- _THE PROBLEM_
First find the line with "An illustration of" in the entries below, then set down exactly every line through the line with "Acrylic Letter Keychains", that line included.
DATA EXTRACT Start Marker
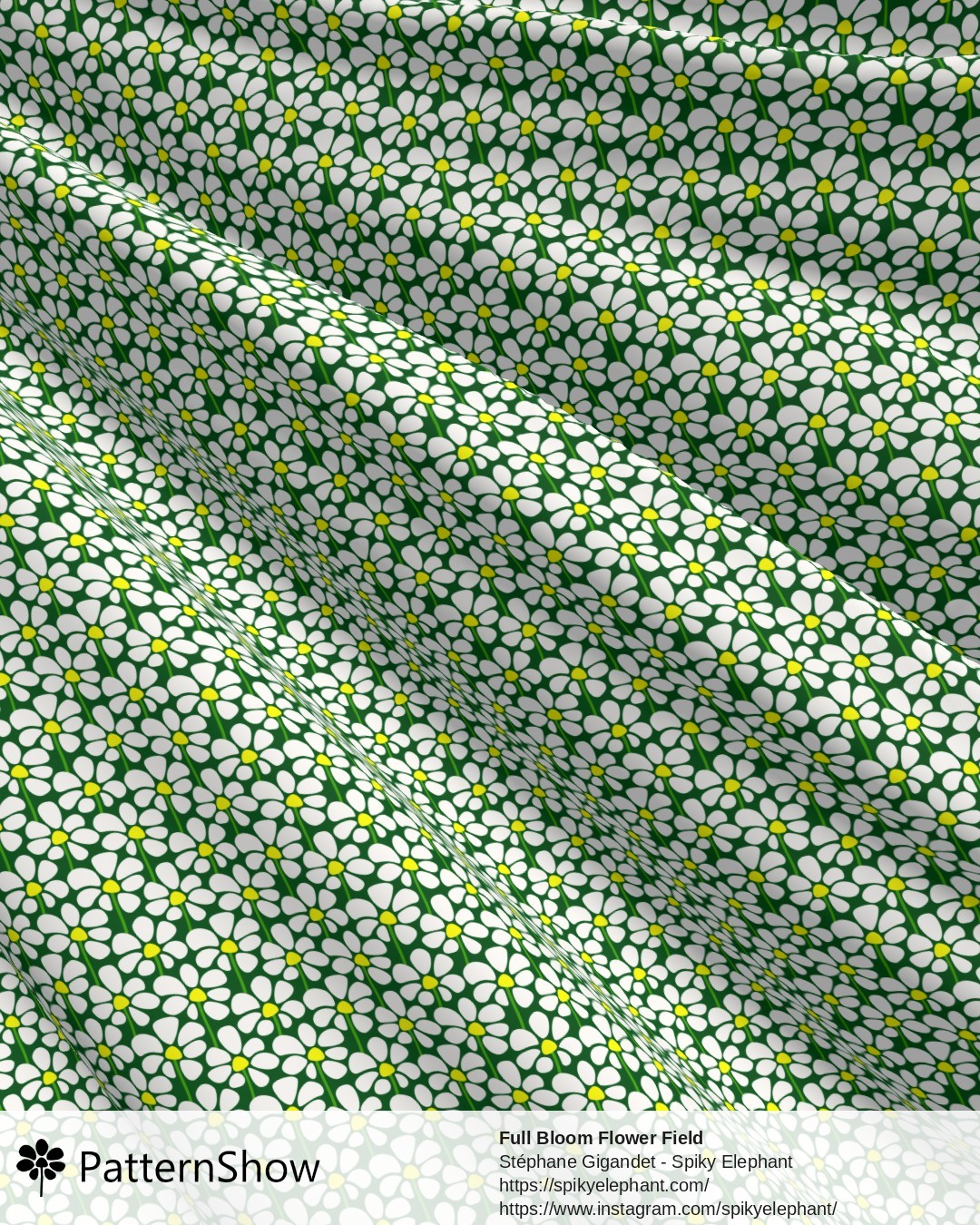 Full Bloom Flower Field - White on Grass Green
DATA EXTRACT End Marker
DATA EXTRACT Start Marker
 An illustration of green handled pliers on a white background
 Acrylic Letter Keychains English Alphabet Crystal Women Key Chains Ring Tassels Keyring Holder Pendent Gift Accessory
DATA EXTRACT End Marker
DATA EXTRACT Start Marker
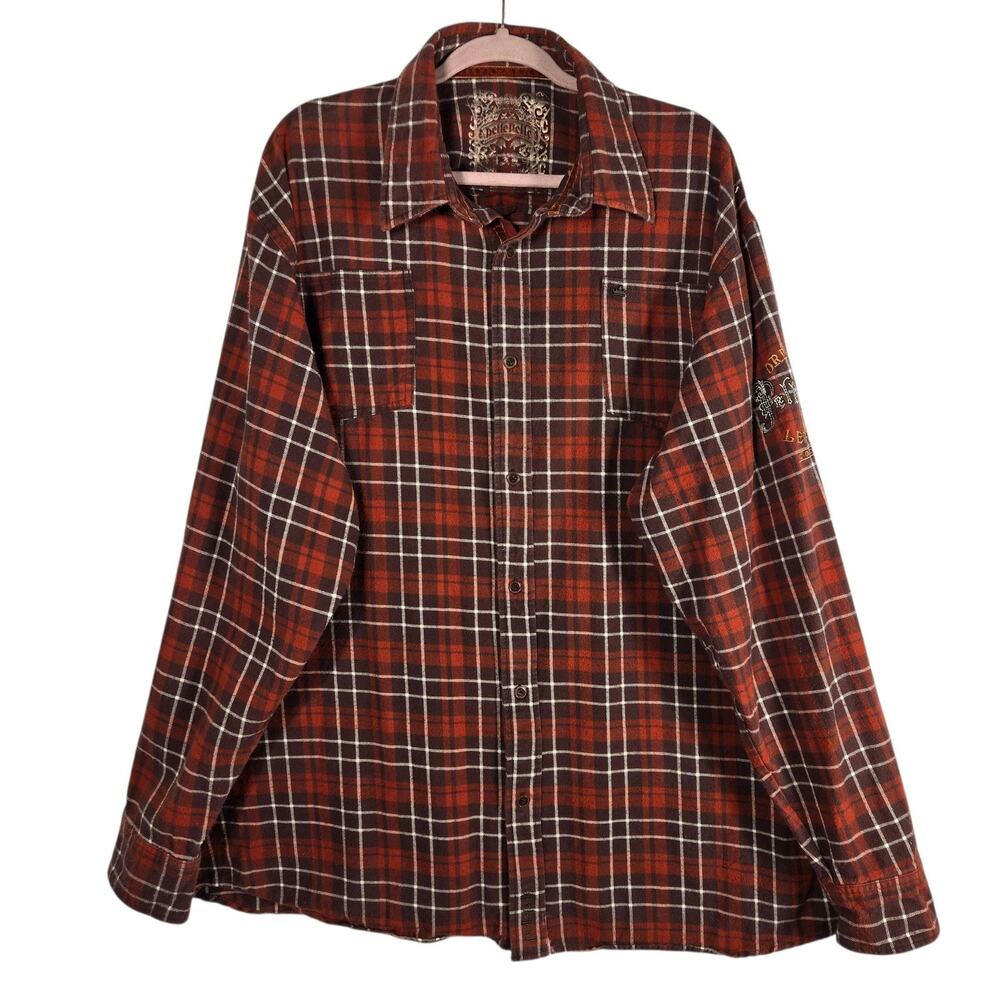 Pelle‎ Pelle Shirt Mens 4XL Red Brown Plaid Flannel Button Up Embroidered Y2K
DATA EXTRACT End Marker
- _OUTPUT FOR THIS EXERCISE_
 An illustration of green handled pliers on a white background
 Acrylic Letter Keychains English Alphabet Crystal Women Key Chains Ring Tassels Keyring Holder Pendent Gift Accessory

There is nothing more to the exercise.